As it stands, RAM principally comprises procedures utilizing either platelet-rich plasma (PRP) and a host of related products or adipose-derived stem cells (ADSCs). However, exosomes are assuming a growing place in RAM, he noted. The leading areas in which RAM is being applied in dermatology include hair restoration, wound healing, scar reduction, and antiaging/rejuvenation procedures for improving skin laxity, texture, and tone.

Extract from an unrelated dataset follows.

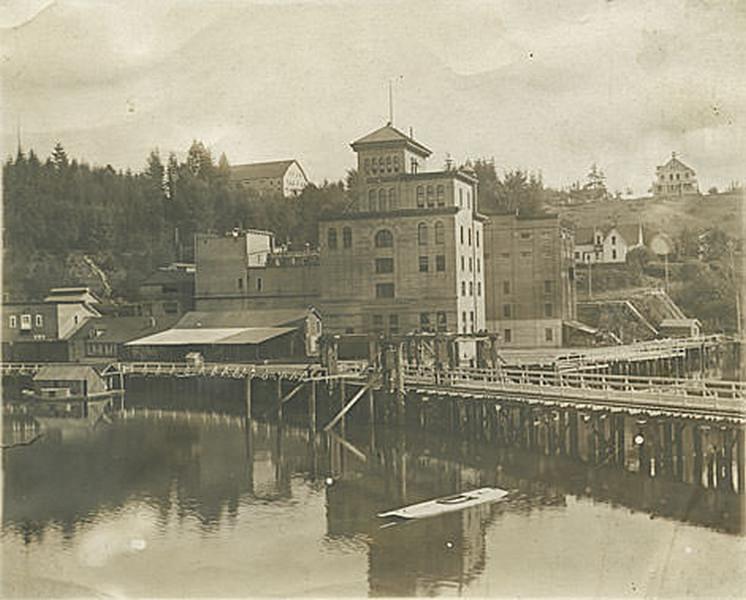 Olympia Brewing Company brewhouse, 1910s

Werschler explained that understanding the various RAM modalities comes down to 3 key concepts: cell type, growth factors, and tissue matrix. For example, PRP and its derivatives provide an array of growth factors and signaling proteins that activate cells and stimulate cell differentiation, growth, proliferation, and migration within a fibrin matrix.

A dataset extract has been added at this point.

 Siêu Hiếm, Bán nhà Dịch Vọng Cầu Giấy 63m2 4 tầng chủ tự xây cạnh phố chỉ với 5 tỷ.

“PRP is the gateway to initiating the healing cascade, and it accommodates a variety of aesthetic needs,” Werschler said. “It’s like a dermal filler that’s turbocharged.”
There is no standard protocol for preparing PRP, but the main principle is to increase the concentration of platelets in a blood sample to between 2 and 5 times the normal physiological value. The final material is then delivered to tissue via microneedling, direct injection, or other open direct applications. The PRP sample is sometimes also mixed with another material such as a dermal filler that will act as a matrix to maintain the PRP at the site of delivery.
Stem cells used in RAM are predominantly mesenchymal stem cells derived from fat that communicate via paracrine mechanisms using exosomes, which are extracellular vesicles that act as messengers. In addition, the bulge in hair follicles is a rich source for epithelial and melanocytic stem cells.
The popularity of ADSCs is explained by their abundance in fat and by the relative ease with which fat can be obtained. Nevertheless, clinicians need to pay attention to the techniques used for fat harvesting, fat processing/sizing, and subsequent reinjection to generate the most optimal results.
“Variability in the performance of these steps probably explains the variability in results achieved,” Werschler said. “There is no single best way yet determined to perform ADSC therapy. Different practitioners have different techniques and subsequently different outcomes. Over time, there will be further standardization of techniques either through rigorous investigation and clinical trials or through mandated regulatory oversight.”
Disclosure:
Werschler is a consultant or independent contractor for AbbVie, Suneva Medical, Inc, and Ultherapy. He receives grants or research support from Allergan, Amgen, Boehringer Ingelheim, DermAvance, Galderma, Genentech, Janssen Pharmaceutical Companies of Johnson & Johnson, Kythera Biopharmaceuticals, Pfizer Inc, Suneva Medical, Inc, and Ultherapy. He has received honoraria from AbbVie, Allergan, Celgene Corporation, continuED Medical LLC, Leo, Merz Therapeutics, Prescriber’s Choice, and Sunev. He is a speaker for AbbVie, Allergan, Celgene Corporation, Aclaris Therapeutics, Leo, Merz Therapeutics, Prescriber’s Choice, Pfizer Inc, Ultherapy, and Xoft.
Reference:
1. Werschler W. Hot topic: regeneration will replace rejuvenation 2021- the science behind regeneration. Presented at: Maui Derm Live In-Person Dermatology CME Conference and Maui Derm Connect Virtual Dermatology CME Conference; January 25-29, 2021; Maui, Hawaii; virtual.